§ **TASK REQUIREMENTS**
Take the entries that follow and return only the lines from the one with "1 Photograph of" through the final line, leaving every picture behind.

★ ★ ★ ★ ★ ★ ★

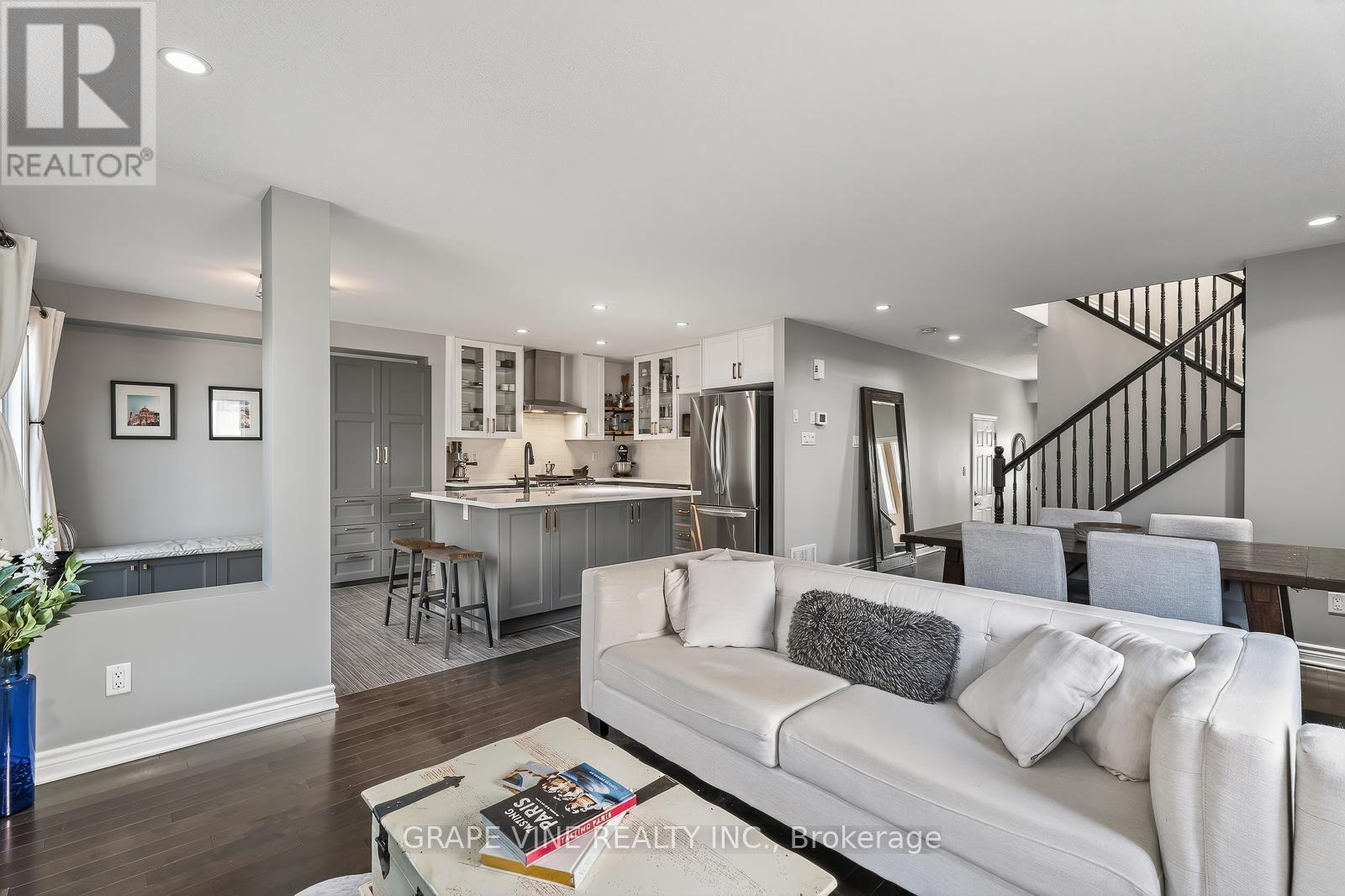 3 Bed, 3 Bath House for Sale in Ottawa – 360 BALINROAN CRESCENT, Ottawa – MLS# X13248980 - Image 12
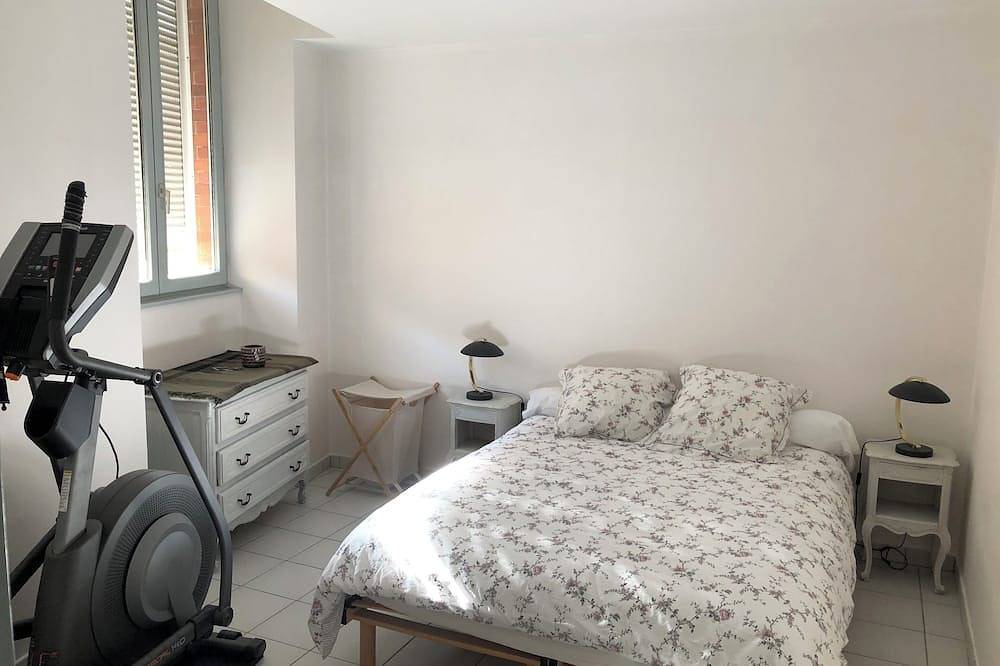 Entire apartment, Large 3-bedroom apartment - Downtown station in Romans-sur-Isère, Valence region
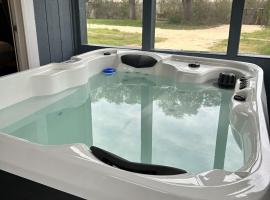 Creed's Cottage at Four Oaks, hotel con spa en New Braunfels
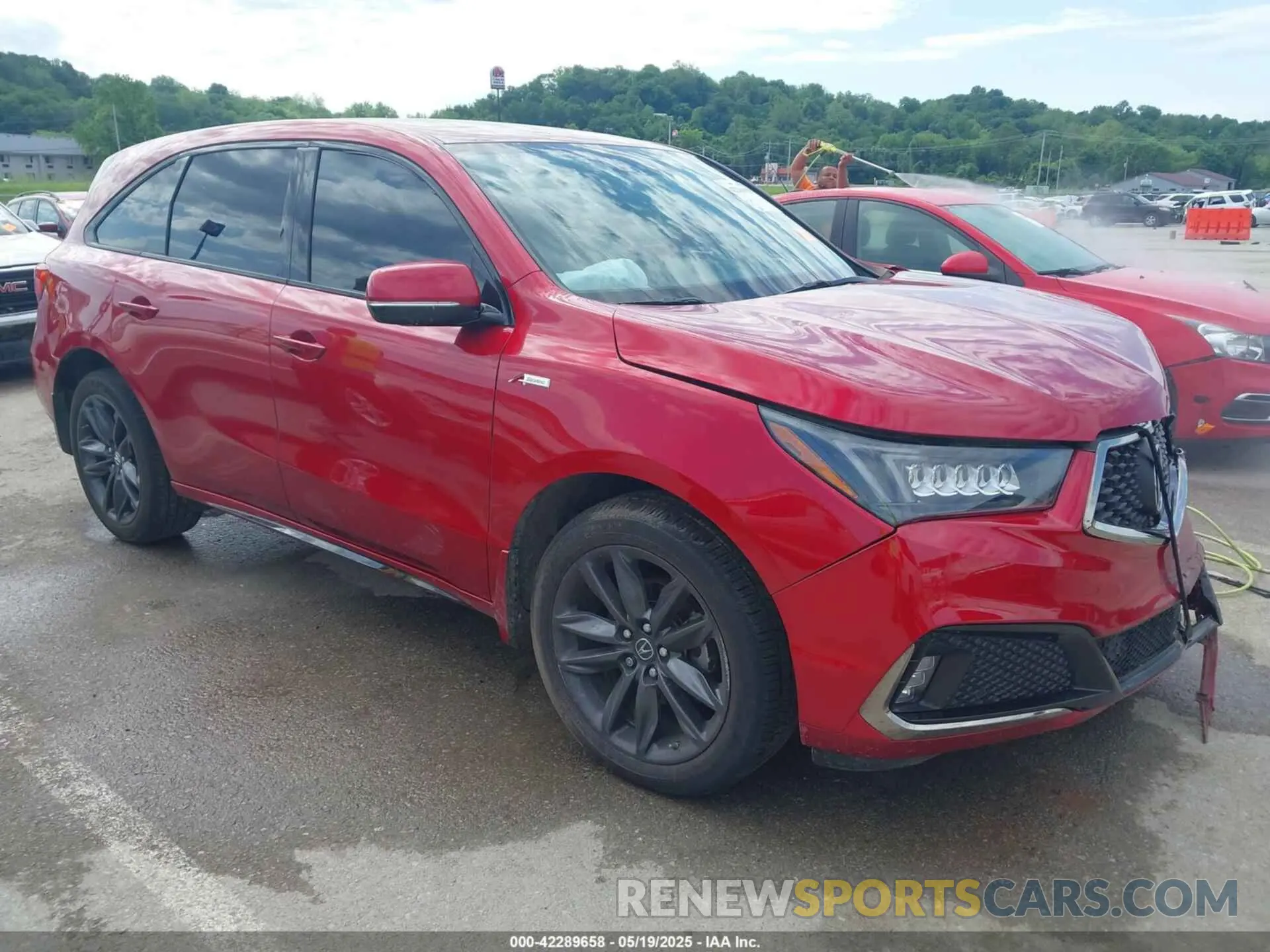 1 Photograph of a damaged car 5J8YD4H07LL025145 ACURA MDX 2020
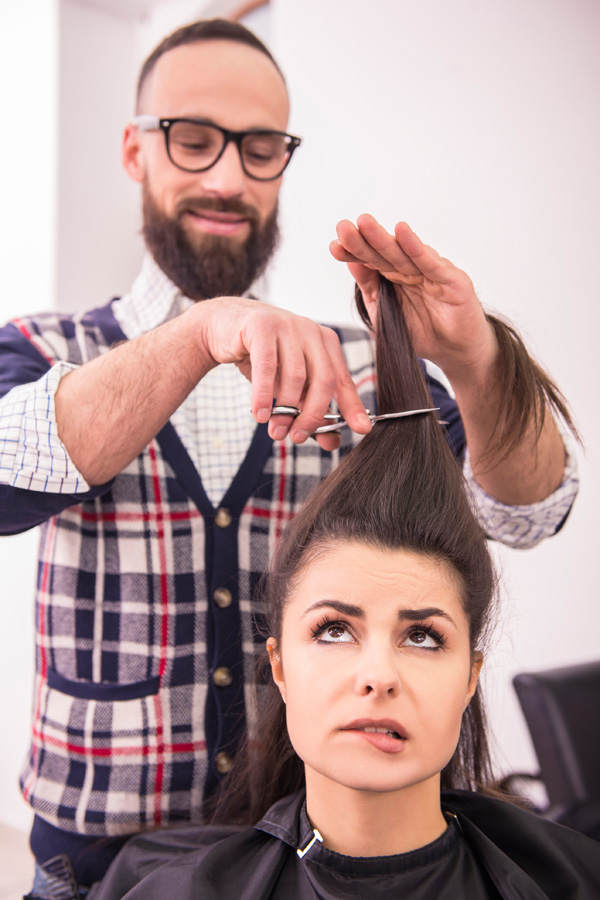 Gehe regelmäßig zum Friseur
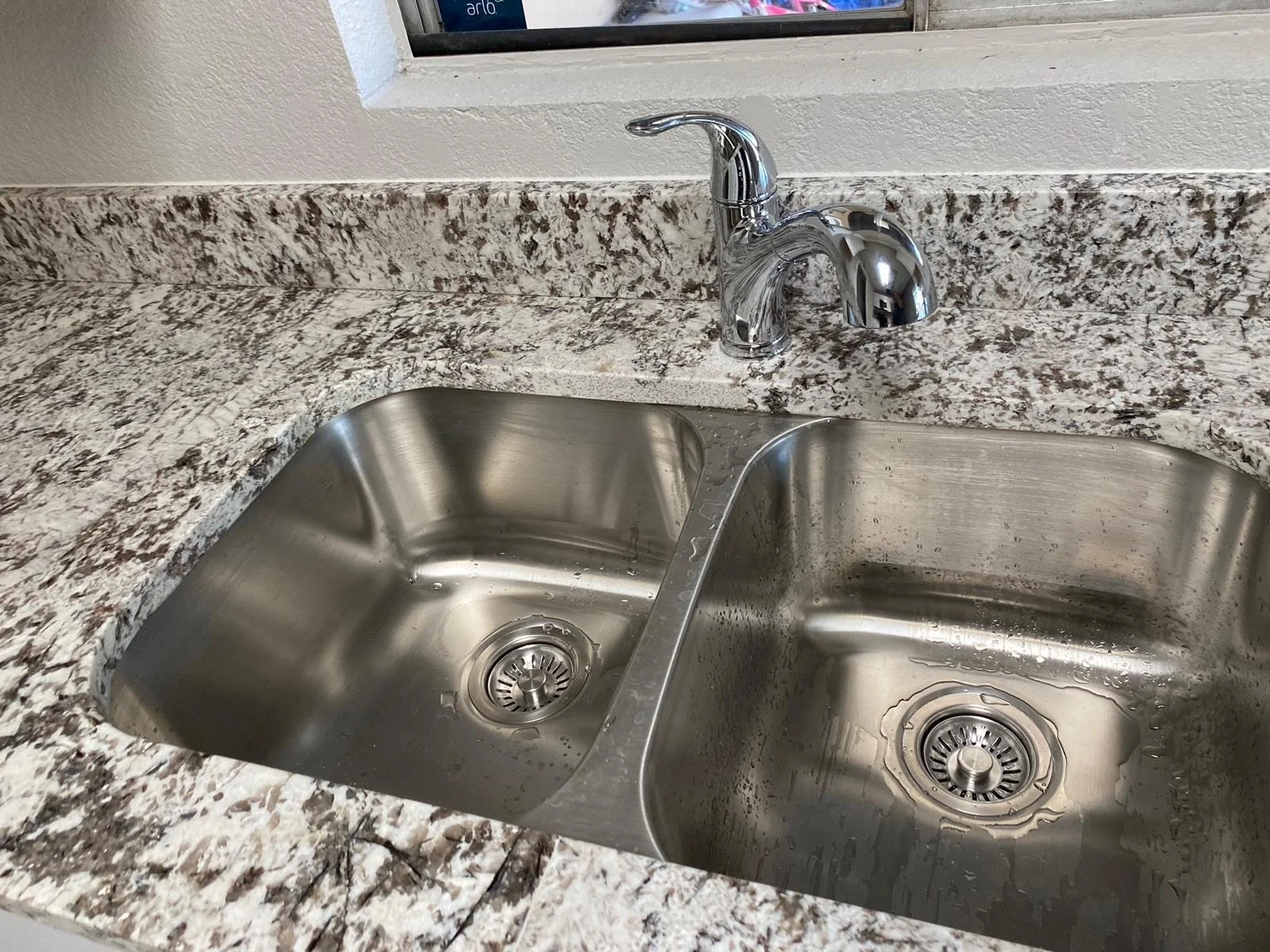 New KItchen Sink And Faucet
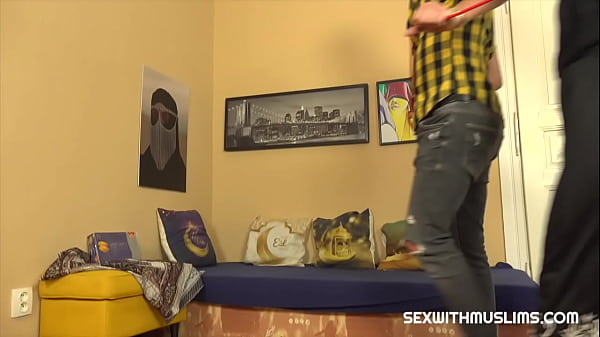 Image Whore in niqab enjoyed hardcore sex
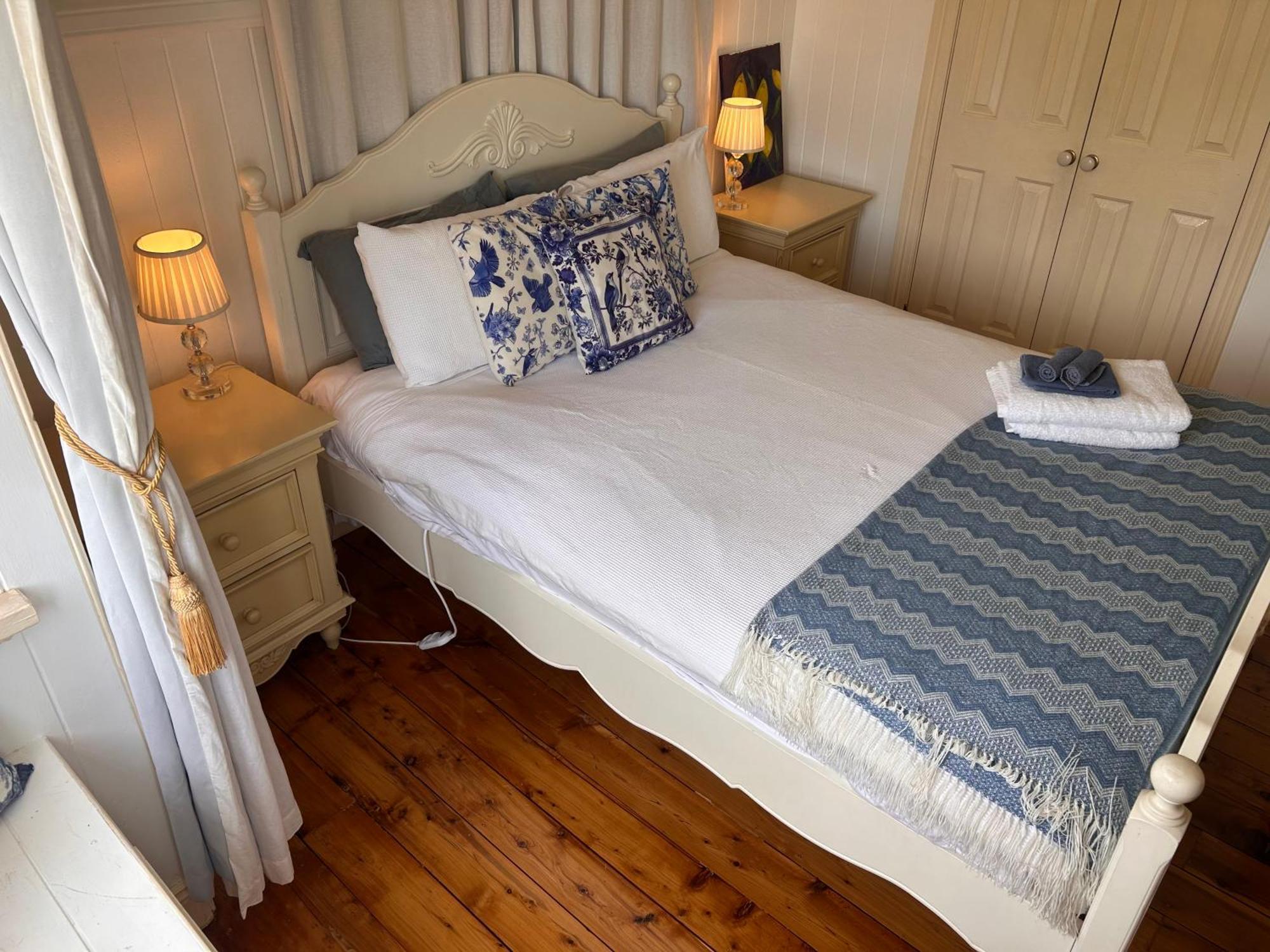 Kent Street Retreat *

★ ★ ★ ★ ★ ★ ★

§ **ANSWER FOR THIS EXERCISE**
 1 Photograph of a damaged car 5J8YD4H07LL025145 ACURA MDX 2020
 Gehe regelmäßig zum Friseur
 New KItchen Sink And Faucet
 Image Whore in niqab enjoyed hardcore sex
 Kent Street Retreat *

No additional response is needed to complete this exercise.